蒲松龄(1640年—1715年),生於明朝崇禎十三年,卒於清朝康熙五十四年。字留仙,一字剑臣,别号柳泉居士。山东淄川(今山东淄博市淄川区)人,蒙古族(有爭議)。世称“聊斋先生”,更有“世界短篇小说之王”的美誉。

生平
蒲松龄生活在明末清初,出身小地主小商人家庭,蒲氏為淄川世家,熱中功名。父親蒲槃,此時家道已漸中落,曾娶妻孫氏、董氏、李氏,松齡為董氏子,庶出,地位地落。年少時,正處改朝易鼎之間,張獻忠、李自成軍隊流竄天下,烽火動盪。19岁时参加县府的考试,縣、府、道試均夺得第一名,取中秀才。然而他在之后科举场中很不得意,满腹实学,鄉試屡不中举,只有在46歲時被補為廩膳生,到了71岁時,才被補為贡生而已。平日除微薄田產外,僅能以教書、幕僚維生。

... a mix of traditional and simplified characters.

At this point, we notice however that there is a menu at the top of the page:

不转换

This menu conveniently provides orthography display choices. The items in this menu are:

Don't Convert
Mainland Simplified
Taiwan Traditional
Malaysia/Singapore Simplified
Hong Kong Traditional

... and it appears that Don't Convert is the default selection. Is this the right default? I continue to ponder the reasoning behind this choice.

When we investigate the revision history for this article, it all begins to make sense: Some contributors to this article have typed in traditional characters, and some have typed in simplified characters. The resulting document is therefore a mix of both orthographies. Ok, at least now I understand how we got this mixed-orthography document.

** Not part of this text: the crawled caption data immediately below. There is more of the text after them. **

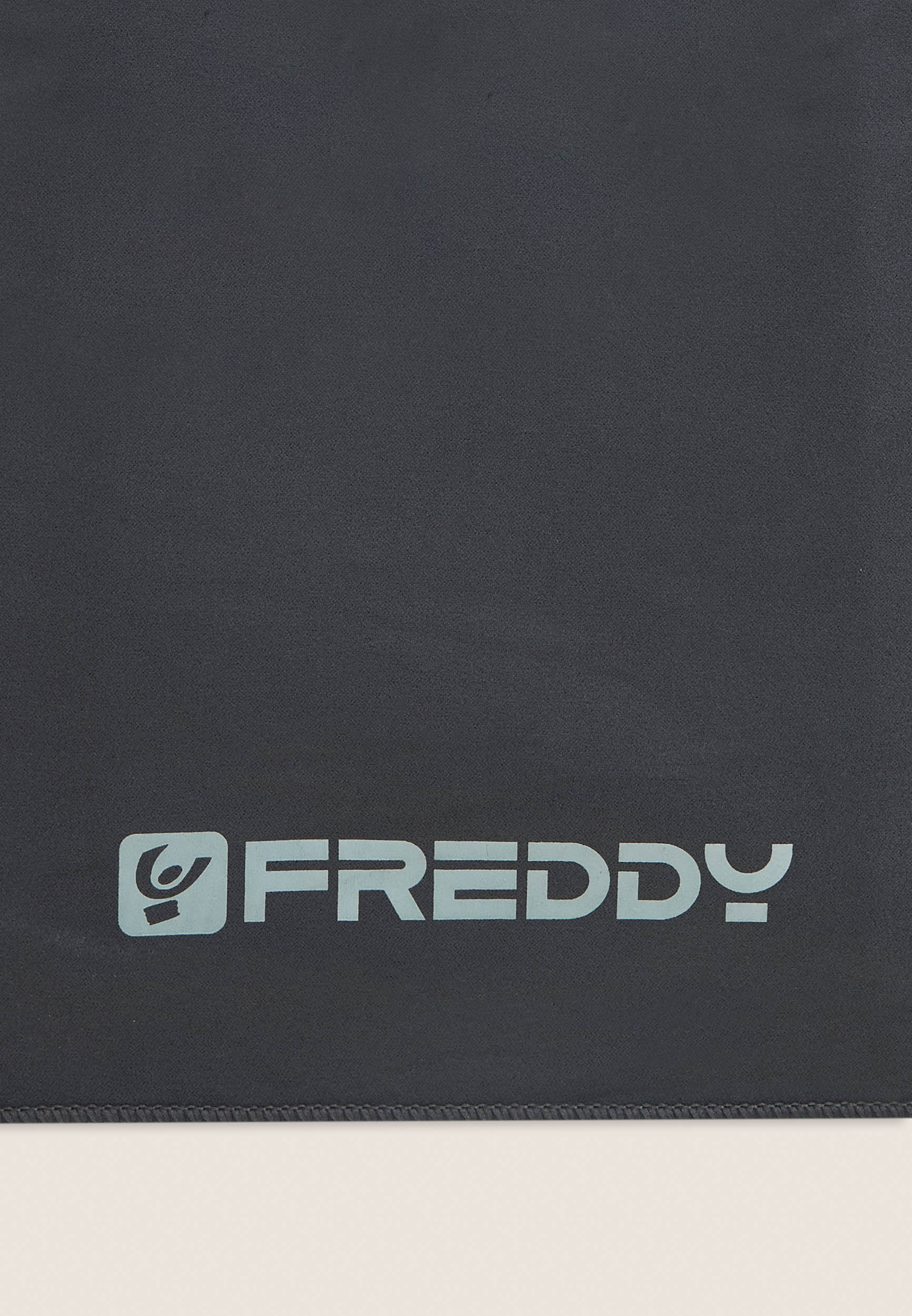 freddy-set-2-asciugamani-microfibra-antracite-70x140-40x100-cm image 3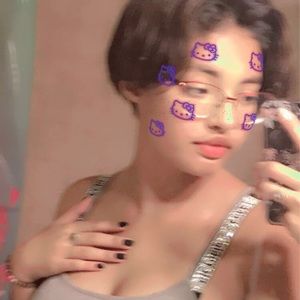 Meet your Posher, Lily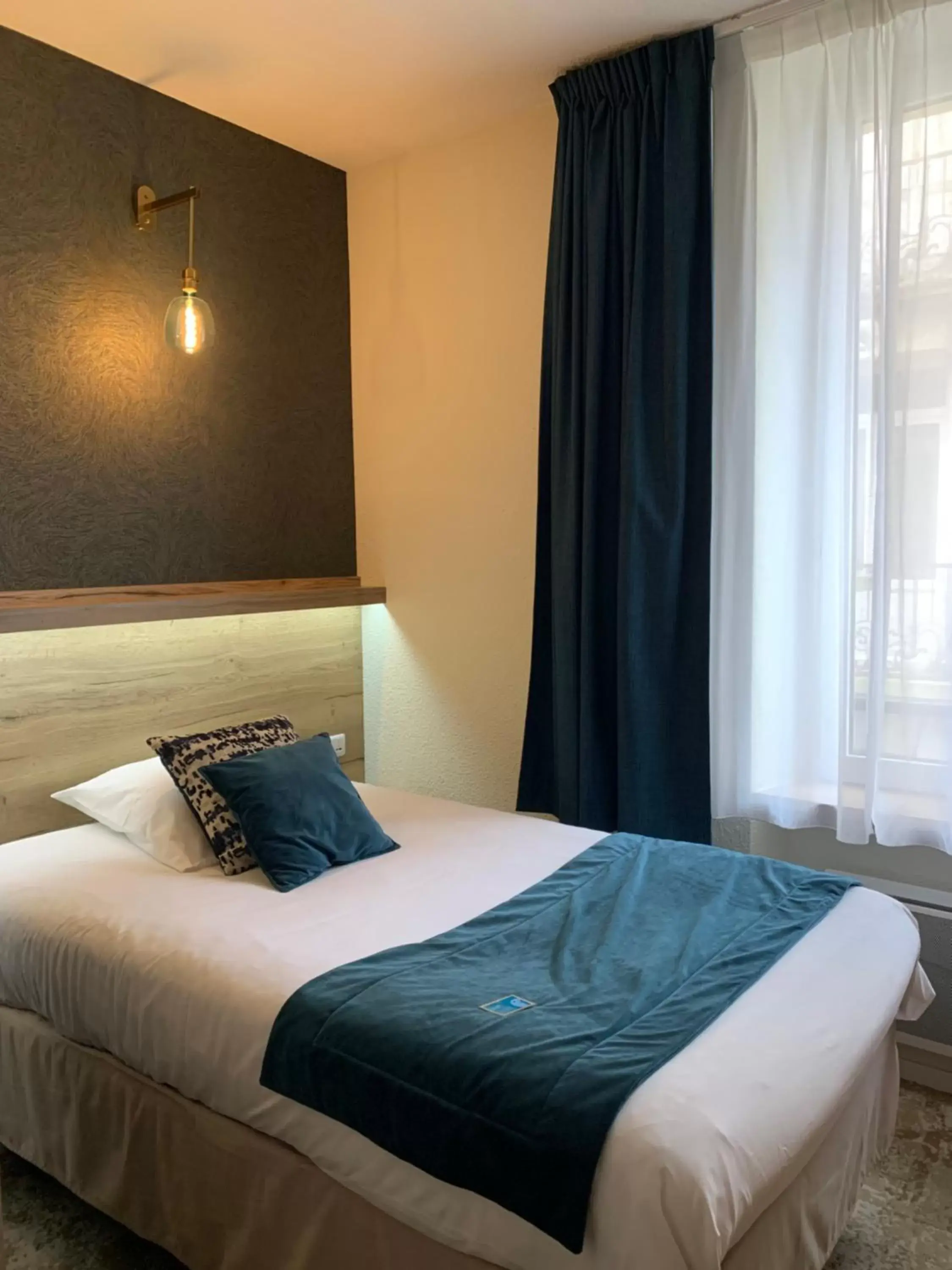 Bedroom, Bed in Ambassadeur Hotel - Cherbourg Port de Plaisance
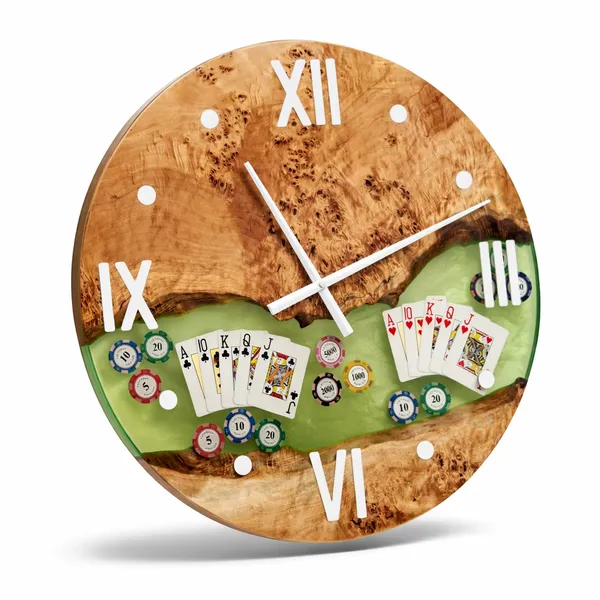 Poker Wanduhr Ø 60 cm mit einzigartiger Maserpappel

And when we click on the “大陆简体” choice for Mainland Simplified, it does appear that we get a mainly simplified text --except for that message at the top which curiously remains in traditional characters!

Conclusion

This Chinese Wikipedia “work in progress” is just one example among many which we might choose to gain at least a rough idea of the current state of affairs on the Chinese world-wide web. If nothing else, this single example from the very well-known Wikipedia project illustrates that opportunities to improve and facilitate the Chinese user's experience remain wide-open.